Wo USA, Russland und Iran sich treffen: Indiens geopolitische Bühne
Zum zehnten Mal findet der sicherheitspolitische Raisina Dialogue in Delhi statt. Die Konferenz zeigt: Die Weltordnung verändert sich. Doch China fehlt.

In Delhi wird einmal mehr klar: Die heutige Weltordnung ist nicht nur multipolar, sondern auch fragmentierter als zuvor. Neue Akteure gewinnen an Einfluss, während die USA sich aus internationalen Institutionen zurückziehen und Europa mit sich selbst beschäftigt ist. Das schaffe Raum für Mittelmächte wie Indien und Indonesien, argumentiert zum Beispiel Dino Patti Djalal, ehemaliger indonesischer Botschafter in den USA, auf einer der großen Bühnen.
„Eine Weltordnung, die nur von den USA und China dominiert wird, wollen weder Indien noch Europa“, sagt Amrita Narlikar, die für den indischen Thinktank ORF arbeitet. Dieser richtet den Dialog zusammen mit dem indischen Außenministerium aus. Zuvor war sie Leiterin des German Institute for Global and Area Studies in Hamburg.
Während in München die transatlantischen Allianzen im Fokus stehen, zeigt der Raisina Dialogue: Politische Debatten werden nicht mehr nur vom Westen bestimmt. „Indien ist selbstbewusster geworden“, sagt Narlikar. Es verstehe sich nicht mehr nur als Brücke zwischen dem Globalen Süden und dem Westen, sondern als eigenständige Macht. „Delhi bietet Nato-Mitgliedern eine Plattform, um einige ihrer Probleme zu diskutieren“, sagte sie.
„Eine neue Weltordnung“
Indiens Außenminister Subrahmanyam Jaishankar nutzte die Bühne, um eine Reform der Vereinten Nationen und multilateraler Institutionen zu fordern. „Es ist wichtig, die Entwicklungen der Welt in den letzten acht Jahrzehnten kritisch zu überprüfen“, sagte er. „Wir brauchen eine neue Debatte – und in diesem Sinne auch eine neue Weltordnung.“
Dass Indien eine zunehmend zentrale Rolle spielt, bestätigt Rainer Rudolph, stellvertretender Vorsitzender der Münchner Sicherheitskonferenz (MSC). „Für uns ist Indien ein wichtiger Akteur mit einer immer aktiveren Außenpolitik“, sagt er. Es arbeite als Demokratie mit Russland und China in der Staatenvereinigung BRICS zusammen, genauso wie mit den Demokratien Brasilien und Südafrika, sagt der Diplomat.

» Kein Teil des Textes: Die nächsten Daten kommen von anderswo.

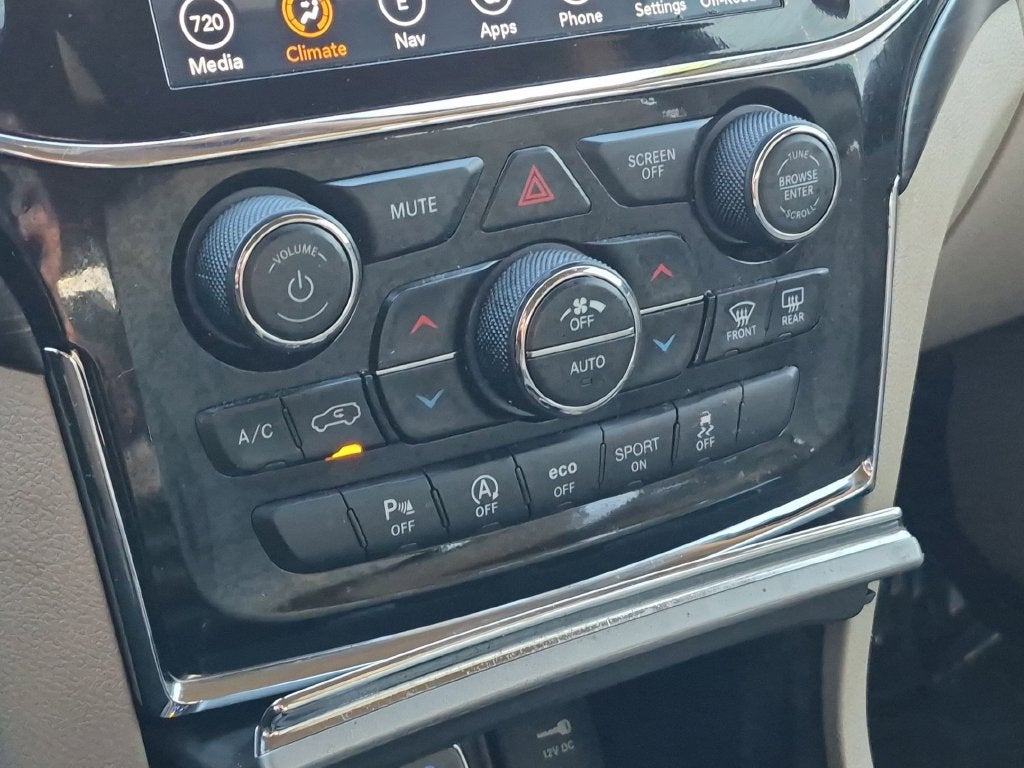 2022 Jeep Grand Cherokee WK Laredo E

„Die Herausforderungen sind für alle ähnlich“, so Rudolph. Der Ukrainekrieg etwa: „Manche Länder des Globalen Südens sagen: Das ist kein territoriales Problem, das uns direkt betrifft. Damit haben sie nur vordergründig recht“, denn es gehe um das Völkerrecht und die Frage, wie man damit umgeht. Auch Chinas Vorgehen im Südchinesischen Meer nennt er als Beispiel.

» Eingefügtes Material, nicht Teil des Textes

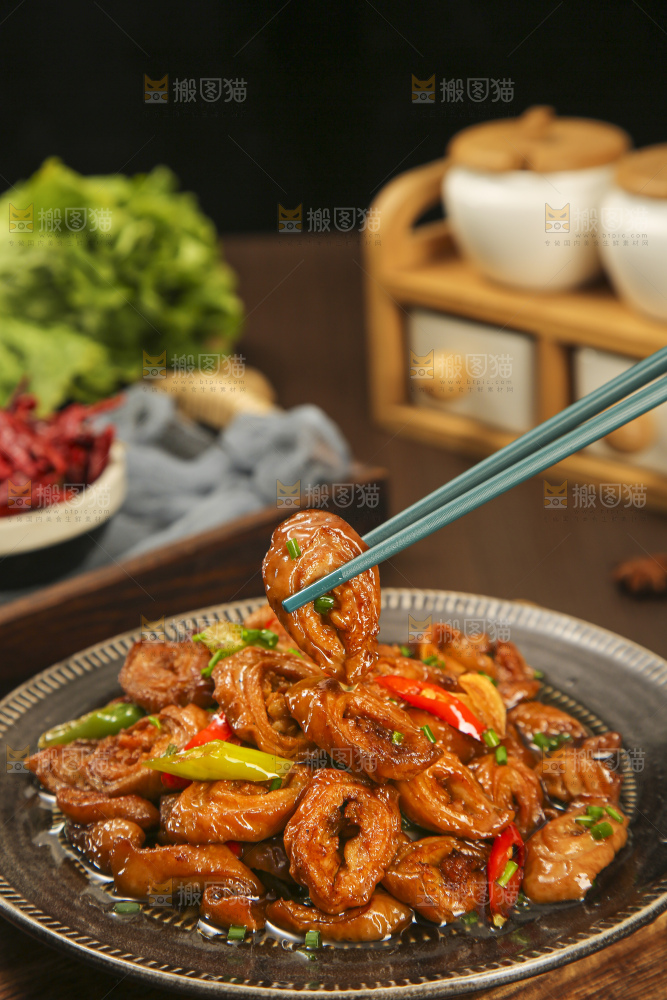 深底上的炒肥肠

Auf der von Indiens Premier Narendra Modi eröffneten Veranstaltung waren neben Vertretern der MSC weitere prominente Sprecher:innen zu Gast. Etwa Tulsi Gabbard, US-Geheimdienstkoordinatorin. Sie wollte klarmachen, dass „America First“ nicht Amerika allein bedeute, und betonte die Freundschaft zu Indien. Von 20 erwarteten Außenminister:innen kamen 11 aus Europa. Während Sergei Lawrow absagte, betonte der ukrainische Außenminister vor Ort: „Wir sind nicht das Hindernis für den Frieden.“
Vertreter:innen aus Russland und Iran sind zugegen
Für Narlikar, die Honorary Fellow am Darwin College in Cambridge ist, ist die Vielfalt der Perspektiven ein Punkt, in dem sich Raisina von Foren in Europa unterscheide. Etwas, worüber man in Europa kaum spreche, sei Multi-Alignment, sagt sie der taz. Multi-Alignment bedeutet: Länder des Globalen Südens arbeiten an einer Diversifizierung ihrer Allianzen mit mehreren global wichtigen Akteuren. Europa habe sich lange auf die Sicherheitsgarantie der USA verlassen, sagt sie, doch diese würden brüchig.

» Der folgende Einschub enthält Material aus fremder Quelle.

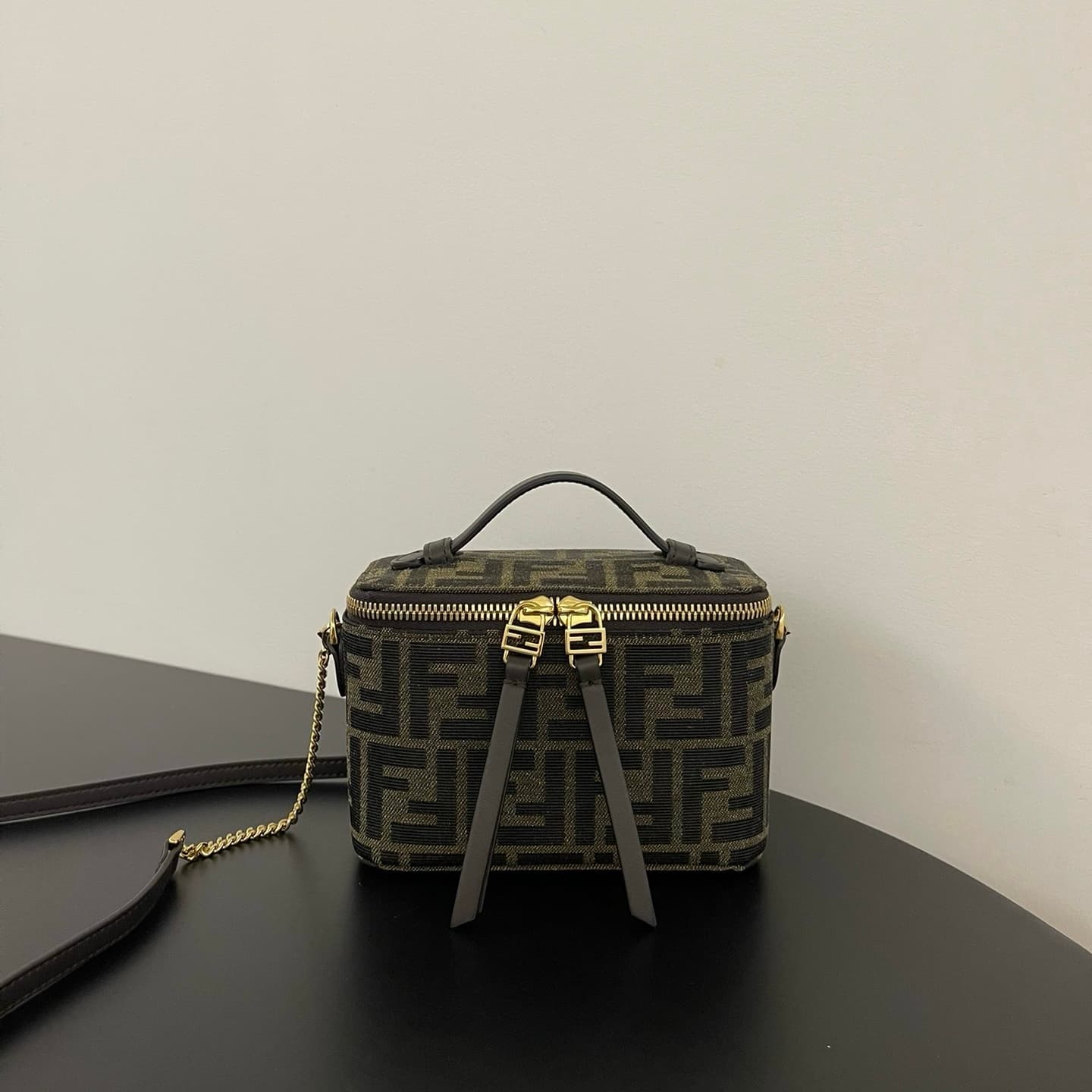 펜디 펜디 스몰 FF 베니티 케이스 레플리카 - Bag | 제이샵 레플리카 사이트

Raisina bietet Raum für Stimmen, die anderswo ausgeschlossen sind, so Narlikar. Nicht um ihnen zuzustimmen, sondern um Dialog zu ermöglichen. In diesem Jahr saßen Vertreter:innen aus den USA, Russland, Iran und Deutschland gemeinsam auf Podien. Der iranische Diplomat Saeed Khatibzadeh betonte, dass der Globale Süden mehr Gehör einfordere.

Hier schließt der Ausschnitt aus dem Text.